Otra buena señal: la calidad del productor editorial. El editor del libro es el poeta Rafael Vargas, a quien ya debemos otros trabajos sobre el Premio Nobel, también publicados por el Fondo, y muestra que lleva años trabajando esta publicación. Su prólogo es muy bueno, tanto que nos hace lamentar que sea tan breve. El FCE tiene varias iconografías notables –menciono varias sin agotar el catálogo: Alfonso Reyes, Max Aub, José Moreno Villa, Luis Buñuel, Luis Cardoza y Aragón, José Revueltas, Efraín Huerta. El género mismo de la iconografía se enfrenta a un desafío: no contribuir a la iconolatría, tan peligrosa, sobre todo para los escritores. Hay posturas radicales –baste el ejemplo de Gabriel Zaid, que no admite ser fotografiado, y en el otro extremo, Carlos Fuentes en la portada de innumerables revistas- y la gracia está en el resultado de esa narración en imágenes que las iconografías proponen al lector. Vargas lo explica muy bien en su prólogo: “Paz, muy fotogénico, no perseguía la fotografía ni andaba por el mundo en busca de las primeras planas y las portadas. Por otro lado, en los lectores hay un cierto fetichismo de la imagen y solemos tener en el escritorio o en la pared la foto de alguno de nuestros penates. Yo he tenido la de Samuel Beckett durante años, como la de un santo al que le rindo devoción.”

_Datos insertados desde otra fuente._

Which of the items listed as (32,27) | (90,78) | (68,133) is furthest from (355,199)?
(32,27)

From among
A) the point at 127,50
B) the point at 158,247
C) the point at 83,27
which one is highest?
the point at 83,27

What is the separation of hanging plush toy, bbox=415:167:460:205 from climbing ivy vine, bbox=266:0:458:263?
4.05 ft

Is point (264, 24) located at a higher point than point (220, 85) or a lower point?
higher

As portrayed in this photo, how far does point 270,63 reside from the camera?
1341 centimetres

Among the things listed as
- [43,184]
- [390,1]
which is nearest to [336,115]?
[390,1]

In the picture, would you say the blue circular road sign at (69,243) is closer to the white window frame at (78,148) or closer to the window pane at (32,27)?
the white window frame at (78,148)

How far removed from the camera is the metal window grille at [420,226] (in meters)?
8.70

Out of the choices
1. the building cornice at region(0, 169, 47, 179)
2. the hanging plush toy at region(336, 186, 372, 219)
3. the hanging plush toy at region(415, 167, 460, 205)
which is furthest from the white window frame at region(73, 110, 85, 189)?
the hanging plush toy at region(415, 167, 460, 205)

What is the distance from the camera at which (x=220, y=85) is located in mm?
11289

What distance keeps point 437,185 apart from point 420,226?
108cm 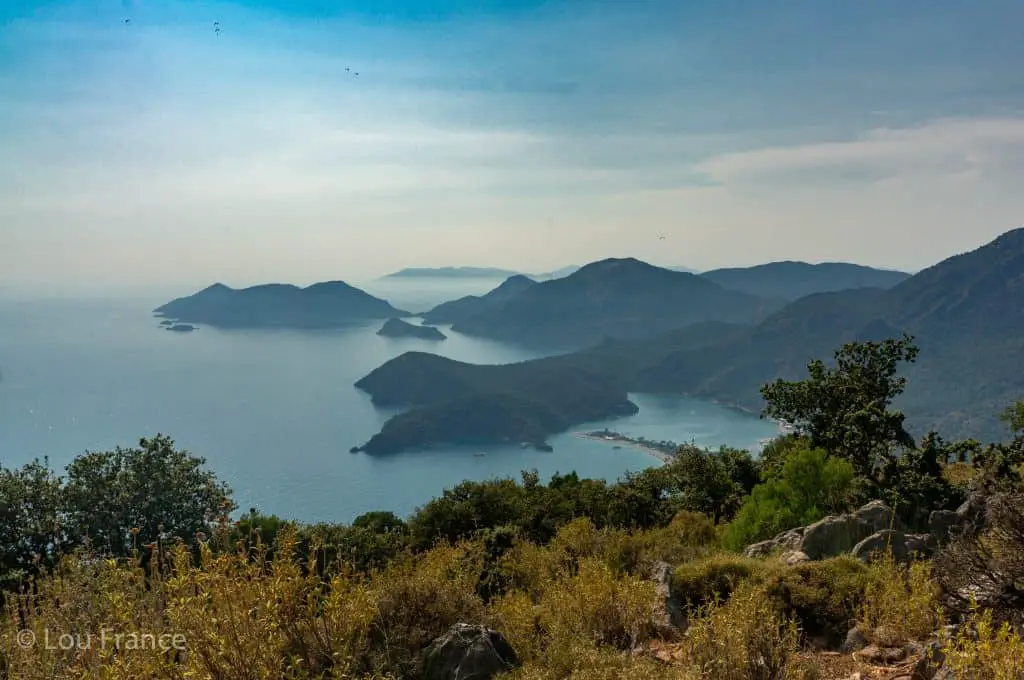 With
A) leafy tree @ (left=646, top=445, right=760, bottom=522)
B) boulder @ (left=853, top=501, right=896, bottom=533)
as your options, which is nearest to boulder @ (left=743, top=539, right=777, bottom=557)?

¿Por qué ocurre esta fascinación fetichista? Esperamos encontrar en la mirada, en el rostro, en la manera de peinarse o en la ropa que viste, en los objetos de su entorno, una respuesta a los enigmas que su literatura nos propone. O los volvemos parte de nuestra sentimentalidad, como la foto del padre o la abuela, o la del jugador de futbol o el roquero para el adolescente. Paz no fue, aunque contemos con algunos textos notables en ese rubro e intentos de reunir sus escritos, memorioso, proclive a las escrituras del yo. Lo más cercano es su extraordinario poema Pasado en claro. Para contrarrestar esa ausencia están muchos sus biógrafos. Pero esta Iconografía tiene otras cualidades. Es, como señala Vargas, una biografía en imágenes, pero a la vez es más que eso: un recorrido histórico por un siglo, un testimonio de la formación de un carácter, una permanente oscilación de la revelación al misterio, de la intimidad al hecho público, de, la memoria perecedera al olvido tan selectivo como a veces instantáneo.

Por ejemplo, el lado histórico-familiar, que algunos ensayistas han trabajado, su relación con su abuelo o con su padre, o en el otro sentido de la cronología, con su hija, cobran en fotografía una intensidad y una calidez muy distinta. La atinada selección de citas y la elaboración de pies de foto muestra la seriedad con que se asumió el reto. Es una edición muy bonita, pero no es un libro de adorno, se recorre con placer con la pura mirada, pero también se lee con interés textual. Saber, por ejemplo, al contemplar una foto, que esa mujer joven junto al Paz niño es su prima Amalia, a quien le debe la primera noticia de la poesía mexicana, no deja de comunicar emotividad. Al recorrer las fotos de manera cronológica uno puede constatar la manera en que el reconocimiento se da a través de los ojos. Y hay otros rasgos, como la cabellera que casi siempre parece moverse con el viento. En ese sentido me parece un acierto la elección de la foto de portada, de 1970, que es sin muchos cambios el rostro con el que mi generación, que es también la de Rafael Vargas, lo conoció. Es también la edad de su regreso a México, en donde las tres siguientes décadas no se podrán entender sin su presencia en el debate cultural, social y político. Paz tenía entonces cincuenta y seis años y,s allá del número, lo que hay en ese rostro es una juventud intacta. Tratar de encontrar la respuesta a lo que es la obra de Paz en los rasgos de su rostro es a la vez inevitable y trivial, pues si bien el rostro es la persona, la persona no es el rostro. Una sociedad que rinde un culto tan obsesivo a la imagen como la nuestra corre el peligro de confundir la apariencia con la esencia. Hay que saber mirar bien. Seguiremos interrogando esta iconografía durante mucho tiempo.